*How to complete this task:*
Set down exactly the lines from the one containing "FCBhandbol's tweet photo." to the final line of the records below, with every picture omitted.

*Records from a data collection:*
::::::

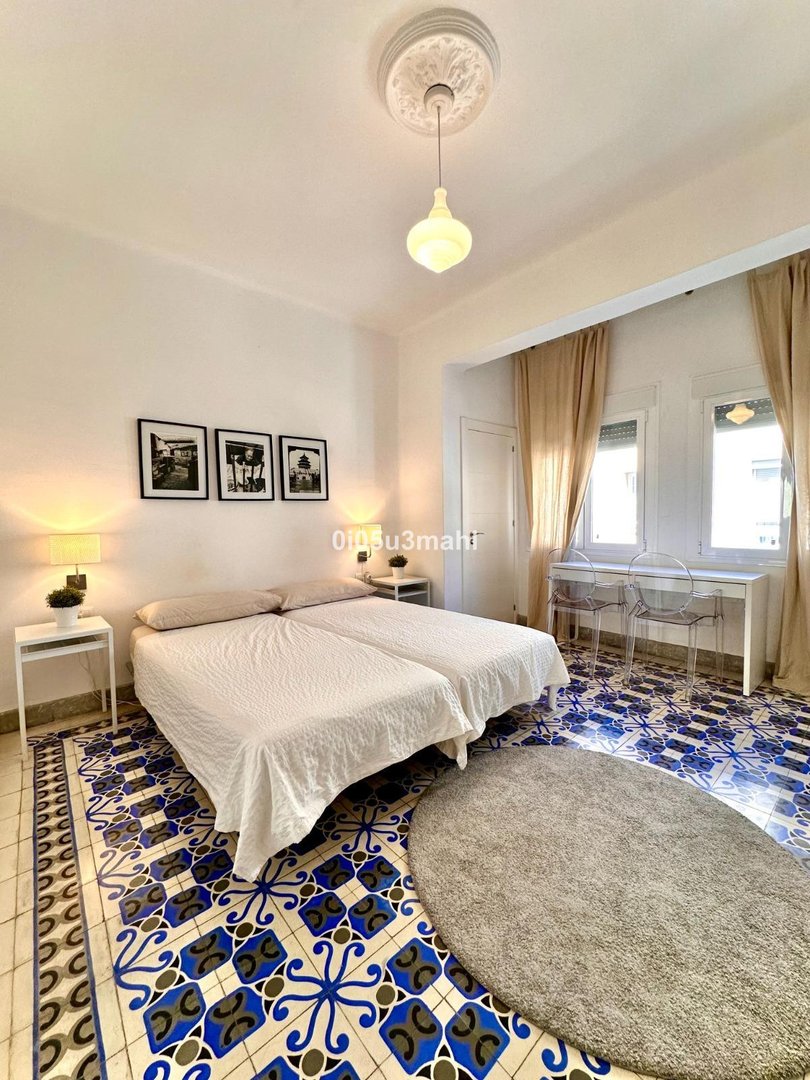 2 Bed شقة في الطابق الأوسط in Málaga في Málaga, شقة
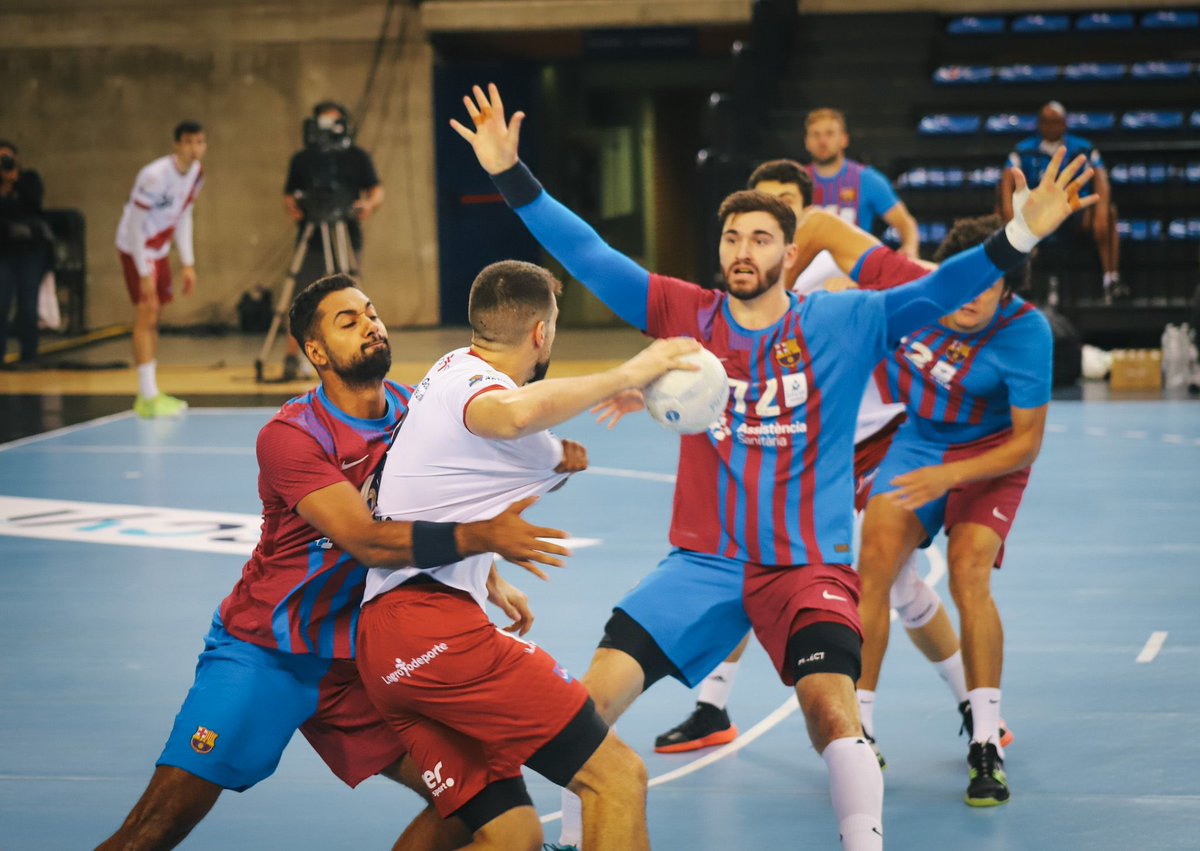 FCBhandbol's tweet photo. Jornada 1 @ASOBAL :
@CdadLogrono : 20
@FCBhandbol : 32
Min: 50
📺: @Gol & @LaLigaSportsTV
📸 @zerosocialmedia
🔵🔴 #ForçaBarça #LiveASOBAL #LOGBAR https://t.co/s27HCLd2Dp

::::::

*Finished task:*
 FCBhandbol's tweet photo. Jornada 1 @ASOBAL :
@CdadLogrono : 20
@FCBhandbol : 32
Min: 50
📺: @Gol & @LaLigaSportsTV
📸 @zerosocialmedia
🔵🔴 #ForçaBarça #LiveASOBAL #LOGBAR https://t.co/s27HCLd2Dp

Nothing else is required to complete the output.